Despite vast expenditures on prison construction in the late 20th century, infrastructure has not kept pace with the dramatic growth of incarceration in the U.S. As a result, extreme prison overcrowding has led to humanitarian, legal and fiscal emergencies nationwide. These emergencies are especially pronounced at the state level, where the Great Recession most directly affected and severely curtailed public spending; today, more than a third of state prison populations exceed institutional capacity. In the present policy environment, rather than investing scarce capital on building more prisons, state-level legal reforms aimed at downsizing the prison population are widely seen as the more prudent solutions. Little is known, however, about the diffusion and implementation of prison reform laws among local criminal justice actors and their effects at the county level of practice, where the incarceration process begins for most inmates.

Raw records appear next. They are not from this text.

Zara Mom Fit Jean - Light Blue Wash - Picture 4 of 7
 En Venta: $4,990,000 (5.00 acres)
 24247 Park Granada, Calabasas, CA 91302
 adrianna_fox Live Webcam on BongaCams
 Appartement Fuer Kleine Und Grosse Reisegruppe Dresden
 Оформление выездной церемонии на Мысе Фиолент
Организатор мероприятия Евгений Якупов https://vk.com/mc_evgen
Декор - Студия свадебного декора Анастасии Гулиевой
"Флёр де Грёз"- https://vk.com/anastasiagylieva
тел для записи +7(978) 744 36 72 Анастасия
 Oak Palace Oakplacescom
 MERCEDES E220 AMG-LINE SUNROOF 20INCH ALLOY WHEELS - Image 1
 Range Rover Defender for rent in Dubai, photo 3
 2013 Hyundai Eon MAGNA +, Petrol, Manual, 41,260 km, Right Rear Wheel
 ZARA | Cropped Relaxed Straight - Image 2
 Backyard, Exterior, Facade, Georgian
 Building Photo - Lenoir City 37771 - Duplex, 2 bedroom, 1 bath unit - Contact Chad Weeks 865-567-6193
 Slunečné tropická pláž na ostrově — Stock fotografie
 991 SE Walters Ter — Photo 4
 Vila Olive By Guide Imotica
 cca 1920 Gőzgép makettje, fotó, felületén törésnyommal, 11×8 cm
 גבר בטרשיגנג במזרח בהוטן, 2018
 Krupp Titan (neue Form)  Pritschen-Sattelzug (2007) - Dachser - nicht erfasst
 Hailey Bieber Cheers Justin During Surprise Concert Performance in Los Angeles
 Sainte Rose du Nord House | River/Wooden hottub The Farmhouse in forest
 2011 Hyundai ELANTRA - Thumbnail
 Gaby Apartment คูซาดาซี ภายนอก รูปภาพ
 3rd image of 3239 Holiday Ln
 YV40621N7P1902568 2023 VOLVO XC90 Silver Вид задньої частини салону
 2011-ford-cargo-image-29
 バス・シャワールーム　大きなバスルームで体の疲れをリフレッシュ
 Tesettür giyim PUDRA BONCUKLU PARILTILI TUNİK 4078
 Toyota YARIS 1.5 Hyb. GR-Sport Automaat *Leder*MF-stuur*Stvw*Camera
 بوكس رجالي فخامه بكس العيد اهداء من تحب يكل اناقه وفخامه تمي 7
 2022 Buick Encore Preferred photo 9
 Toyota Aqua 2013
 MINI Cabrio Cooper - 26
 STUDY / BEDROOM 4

This project examines the 2011 “Realignment” of California’s unconstitutionally overcrowded prison system as an empirical window into how legal interventions and policy innovations filter to lower levels of government and diffuse into local organizational and professional practices. Using multiple methods, the study investigates how differences in local organizational culture shape the meaning of law on the ground in ways that bolster or undermine the reform goal of decarceration. The research focuses on two questions: (1) how do local criminal justice actors respond to, comply with, shape, and resist prison downsizing laws, and (2) what effect do these responses have on decarceration as a key metric of institutional change?
A combination of group-based trajectory modeling and institutional ethnographic methods are used to assess the proposition that local organizational culture mediates the implementation of prison downsizing laws and that variation in county organizational culture explains differences in the outcome of decarceration. These multiple methods enable to the study to: (1) specify the measures of local variation most salient in predicting decarceration, (2) identify processes by which local organizational culture mediates law, as well as variations in these processes across counties, and (3) relate these variations to the outcome of decarceration.